Si può affermare che quanto emergerà negli anni novanta con Mani Pulite non sia stato altro che la conferma di un sistema che ha caratterizzato la storia repubblicana, proprio come rilevato da Bettino Craxi, in un celebre discorso parlamentare, trentacinque anni dopo.
La lettura dei Diari di Bernabei ci lascia, in definitiva, tanti elementi di riflessione. C’è da chiedersi, innanzitutto, cosa avrebbe potuto esprimere questa élite politicamente impegnata, dotata di una forte motivazione e di una visione del futuro, in un contesto istituzionale diverso: solido, stabile, con un respiro di medio-lungo termine per l’azione di Governo. Si pensi che il Governo Fanfani insediatosi dopo il successo elettorale delle elezioni del maggio 1958, dura soltanto sette mesi e cade per effetto di una congiura prodottasi all’interno della stessa DC.
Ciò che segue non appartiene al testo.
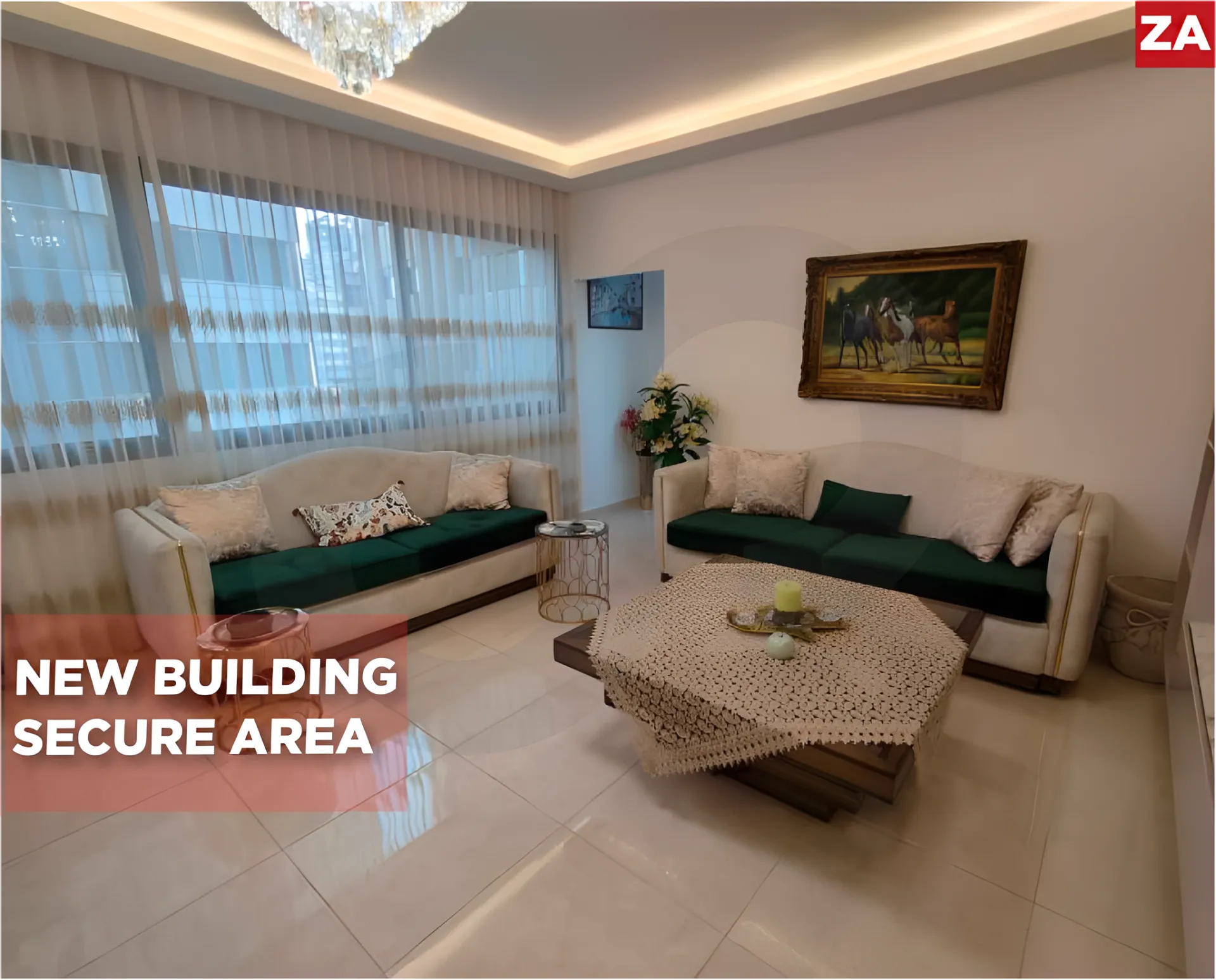 Apartment for Sale in Forn El Chebbak - 2 bed, 2 bath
C’è poi da chiedersi se le iniziative di politica estera del gruppo fanfaniano siano state corrette: l’apertura al mondo sovietico e più in generale al mondo comunista ha rallentato la decomposizione (oggi sappiamo inevitabile) di quel sistema, prolungando la vita di sistemi dittatoriali nell’Europa orientale oppure ha evitato guai peggiori come una guerra nucleare? La lotta contro il colonialismo ha effettivamente aiutato nella propria emancipazione i popoli di numerosi nuovi stati, o, piuttosto, ha generato sistemi dittatoriali e maggiore povertà in tante aree del mondo? Possiamo porci degli interrogativi ma le risposte non arriveranno.